Часть 1
30 июля 2020 г. в 20:31
Свет боле не ощущается благодатью, лишь священным, сжирающим пламенем. Ослепляющим, выжигающим глаза.
Сила разливается по жилам крепчайшим из вин, будоражит, бурлит закипающей кровью. Чёрный цвет ей в действительности к лицу: оттеняющий мраком ореол белоснежных волос, мнимую невинность, окаймлённую короной из хромовой стали.
Алина Старкова была надеждой на спасение от кошмара ночи, от крылатых теней и чужой жадности. Солнечная королева, маленькая святая. Маленькая мученица.
Равкианцы боялись умереть во тьме. Откуда им было знать, что смерть при свете солнца в разы страшнее?
Откуда им было знать, что в сердце почитаемой ими святой разверзлась бездна жадности — до силы, до утраченного тепла? Не под стать проклинаемому в каждой молитве Еретику, не под стать любому из королей.
Её прозвали Беспощадной, шепчась о троне, чьё подножие усыпано костьми врагов. О том, что неугодные и когда-то близкие закованы в цепи в подземельях Большого Дворца.
— Ты хуже, чем он! — кричала ей Зоя, вырываясь из рук опричников яростной стихией, необузданным штормом. Солью на щеках и такой яркой ненавистью, что в прошлом от подобного точно бы остался ожог на сердце. — Лучше бы ты умерла вместе с ним!

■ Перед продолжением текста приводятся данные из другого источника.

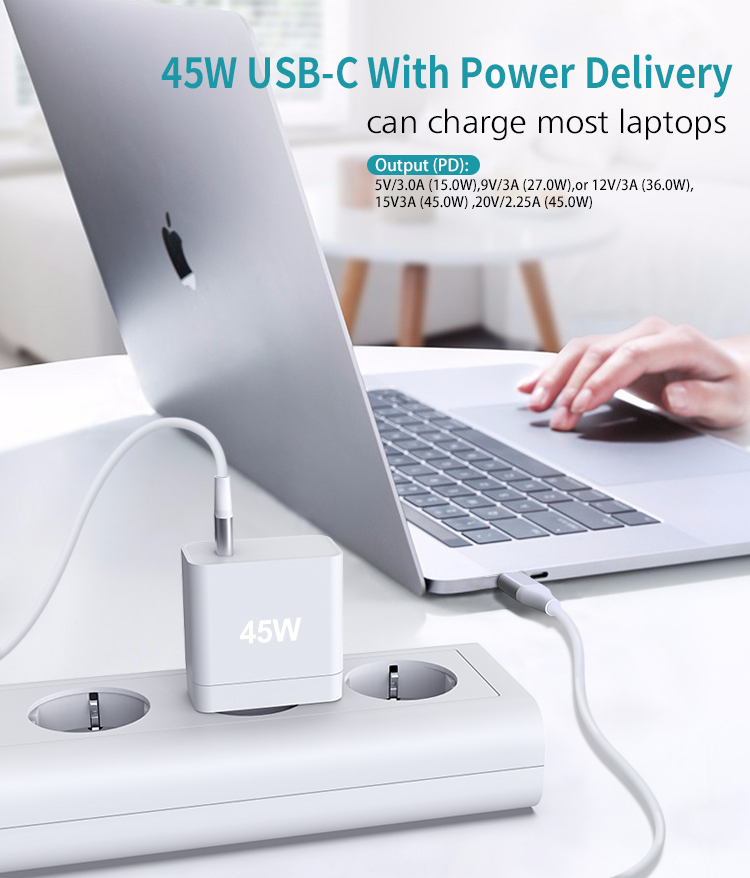 samsung 45w charger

Алина взглянула на неё, повернув голову. В руки въелся пепел — сожжённых армий, пришедших к её порогу с оскаленными, наполненными слюной пастями.

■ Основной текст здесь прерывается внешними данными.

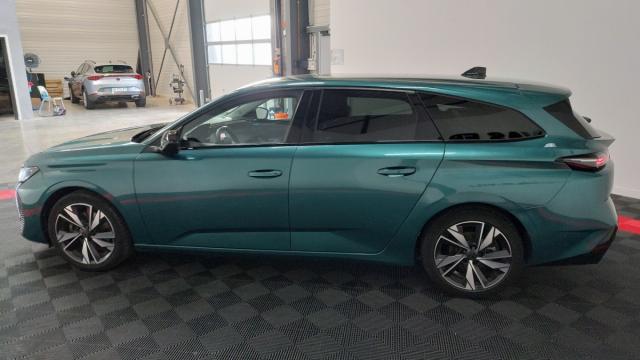 Peugeot 308 Sw image 5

Зоя замерла под взглядом некогда тёплых карих глаз. Беспощадная. Королева-ведьма.
— А я умерла, — ответила Алина и невольно коснулась пальцами своей шеи. — Разве не видишь?
Никто не видел.
Кроме Дарклинга.
Он редко приходит к ней. Молчаливой, вшитой в кожу тенью, накрывающим плечи мраком. Рана на его груди с каждым разом разверзается всё больше, заливая ткань кафтана кровью. Алина не знает, закапает ли она на вычищенную до блеска плитку тронного зала.
И ждёт его затаенно, чтобы касаться ладонями холодных щёк и вжиматься губами в губы; чтобы целовать костяшки холёных рук и сжимать их в своих.
Дарклинг не говорит с ней, позволяя прижиматься к груди ночью, когда Алина не может заснуть и касается пальцами шеи — в гулком отчаянии, в жажде ещё большего падения.
И он приходил — осколком воспоминаний, неизменно холодным, неизменно хранящим молчание. Иногда в этой тишине Алине чудятся проклятья. Иногда — самые затаенные, самые желанные признания. Его голос, сильный и глубокий, зовущий по имени.
— Ты принадлежишь мне, — шепчет Алина в пустоту подступающей зари. Свет пляшет на её обледеневшей постели.
Она закрывает глаза.
— Скоро, любовь моя, — говорит тихо, неразличимо, с гулкой надеждой.
И касается пальцами ожерелья из костей на шее.